Yükseköğretim Kurumları Destekli Proje, 2023 - 2023

  • Proje Türü: Yükseköğretim Kurumları Destekli Proje
  • Başlama Tarihi: Mart 2023
  • Bitiş Tarihi: Ekim 2023

Proje Özeti

Vandermonde matrices arise frequently in computational mathematics in problems that require polynomial approximation. The polynomial interpolation problem through data given at a set of distinct interpolation points can be expressed in the monomial basis. This gives rise to a linear system of equations with a Vandermonde matrix. This Vandermonde matrix, however, brings the difficulty that this matrix including real nodes is usually ill-conditioned. This is also a difficulty even for not very high orders.

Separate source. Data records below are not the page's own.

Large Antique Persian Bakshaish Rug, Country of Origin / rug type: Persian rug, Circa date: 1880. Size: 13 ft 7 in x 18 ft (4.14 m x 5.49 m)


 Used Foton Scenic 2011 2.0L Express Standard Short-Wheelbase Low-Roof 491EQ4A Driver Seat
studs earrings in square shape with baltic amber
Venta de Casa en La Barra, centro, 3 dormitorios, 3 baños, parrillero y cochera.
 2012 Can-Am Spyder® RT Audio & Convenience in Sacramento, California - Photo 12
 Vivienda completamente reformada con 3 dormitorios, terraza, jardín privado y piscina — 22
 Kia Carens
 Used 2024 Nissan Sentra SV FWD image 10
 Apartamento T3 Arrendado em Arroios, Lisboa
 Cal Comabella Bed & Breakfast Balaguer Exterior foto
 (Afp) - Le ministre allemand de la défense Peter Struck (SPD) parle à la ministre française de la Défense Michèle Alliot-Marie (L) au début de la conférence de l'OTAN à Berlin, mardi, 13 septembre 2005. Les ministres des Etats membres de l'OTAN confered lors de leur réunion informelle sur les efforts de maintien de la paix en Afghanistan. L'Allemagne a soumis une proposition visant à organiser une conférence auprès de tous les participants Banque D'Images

The distribution of the points may cause variations in this ill-conditioning in a reasonable way. In order to treat this ill-conditioning, the generally suggested method is to deploy the highly non-uniform Chebyshev nodes, but there is still a problem on what to do when the experimental data at hand are available only at equispaced points. In this situation, polynomial interpolation with equidistant nodes becomes unreliable owing to the well-known drawback called the Runge phenomenon and the polynomial interpolation is numerically ill-conditioned. Interpolation processes on Chebyshev-Lobatto nodes offer near-optimal solutions and defeating the Runge phenomenon by using the mock-Chebyshev subset interpolation proves to be one of the best strategies. In this study, we investigate the condition number of the Vandermonde matrix numerically and find out that the condition number can be reduced by using mock-Chebyshev nodes, as in the case of using Chebyshev-Lobatto nodes. Moreover, we extend our investigation to a Vandermonde-like matrix by using a basis of Chebyshev polynomials and show numerically that, in this case, the condition number of this matrix can be reduced significantly.